When compared to the modern era of Call of Duty, Skyrim, and other popular video game titles; Tetris may seem like a very basic game for a very basic generation. The truth of the matter is that without Tetris, many modern video games would have never developed to the point that they did today.
Despite everyone knowing about the game, people are ignorant of the history that led to that game’s creation and how its rise led to the downfall of the USSR in the late 1980s. Apple TV is the studio that’s been given the task of telling all the answers to a story about how one of the most influential games in video game history was almost thwarted by a dying communist regime desperate to do anything in their power to remove any capitalist influences from their country.
Set in 1988, Henk Rogers (Taron Egerton) is a representative of Bullet-Proof Software as his company markets his newest video game at the Consumer Electronics Show in Las Vegas.

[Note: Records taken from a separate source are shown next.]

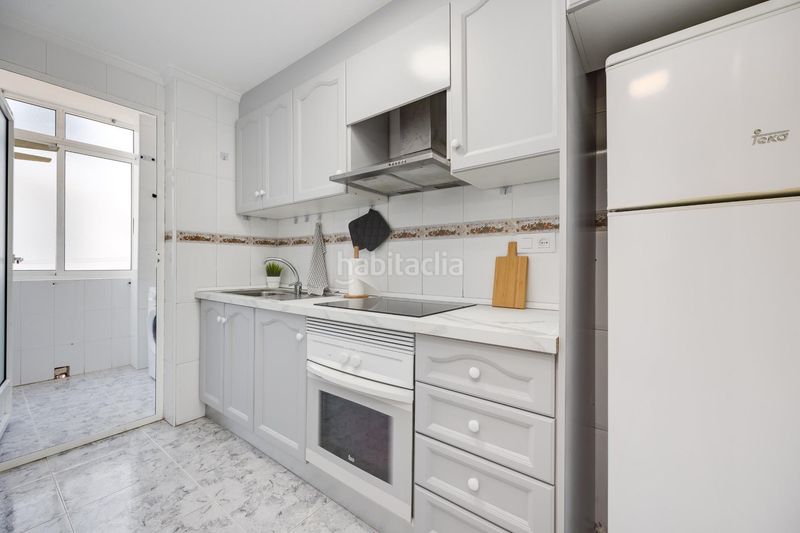 Foto ab5e3fa1-796f-4305-bcdf-d02a9f70d1ad. Apartament amb piscina a nueva Torrevieja Torrevieja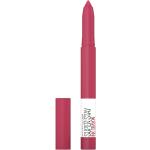 Maybelline Superstay Ink Crayon 1,5 g 80 Run The World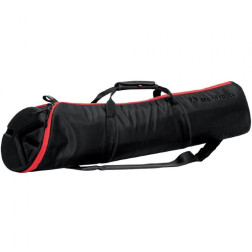 Lino SSG 90 cm sac transport trépied 90cm Lino SSG, Sac Manfrotto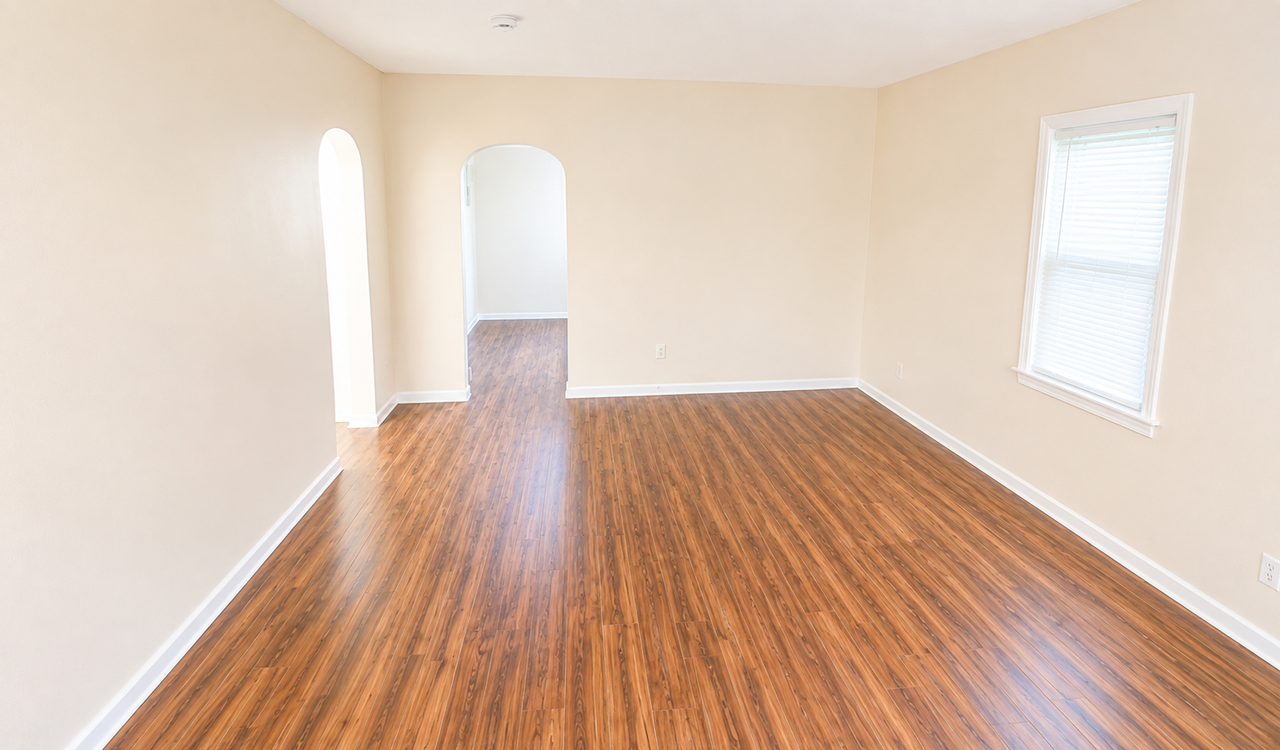 872 Patton Street Ext - Photo 5 of 18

While there, he instead becomes enamored with the game Tetris, created by Soviet programmer Alexey Pajitnov, who works for government-owned ELORG in the Soviet Union.

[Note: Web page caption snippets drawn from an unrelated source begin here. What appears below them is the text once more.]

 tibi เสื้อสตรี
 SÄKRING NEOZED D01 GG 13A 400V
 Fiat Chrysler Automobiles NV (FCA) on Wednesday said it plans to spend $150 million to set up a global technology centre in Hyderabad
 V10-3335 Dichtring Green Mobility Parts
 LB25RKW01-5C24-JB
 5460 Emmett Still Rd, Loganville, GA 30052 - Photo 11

Rogers explains to a bank manager that Robert Stein of Andromeda Software had obtained the worldwide licensing rights to Tetris from ELORG, and signed a contract with media tycoon Robert Maxwell and his son, CEO of Mirrorsoft, Kevin Maxwell, allowing them to distribute Tetris in exchange for game royalties.
Rogers is put in the position where he is asked to juggle the rights of the video game in the arcade version of Tetris in order to make a big score for his company and turn around the life of him and his family. However, when it’s discovered that the entities involved don’t have the rights they claimed, Rogers is put in a position where he has to fly out to Russia in the middle of a communist revolt and obtain the rights from the source.
This endeavor proves to be more than he can handle as Rogers not only puts his family’s well-being and reputation on the line but his life as well. ‘Tetris’ is a appealing international thriller taking the story of one of the most simplistic video games in history and turning it into a chess match between multiple Nations.

The film dives between attempting to secure the rights to a video game that is owned by Russia to a Japanese company that is looking to redistribute those games in the United States and all over the world.
The film is placed in the backdrop of the late 1980s at the cusp of the fall of the USSR and Germany. The relations between the United States and Russia at the time were still volatile and a man wanting to buy the rights of a video game was viewed as an enemy of the state as a man was seen as capitalism opening the doors to the country.
Taron Egerton gives a strong performance in this movie as Henk Rogers and it takes a film that could have come out flat with the subject matter of the film and makes it a very engaging story that never loses its Pace throughout the course of the early 2 hours. Sofia Lebedeva who is still young in her career does a very impressive job with the limited amount of screen time that she has playing essentially two different characters a naive interpreter versus a more Stern KGB officer defending the National Security of our country.

The serious and dramatic portrayal of this story does the film far more wonders than tackling it from a comedic standpoint cuz it allows the audience to understand the seriousness of the situation at hand which makes a far more engaging story than a movie that would refuse to take a subject like this seriously.
Tetris is an absolute diamond in the rough of dark pile of streaming service films that does the job of a major motion picture. Tetris is certainly a pick for one of the best movies of the year.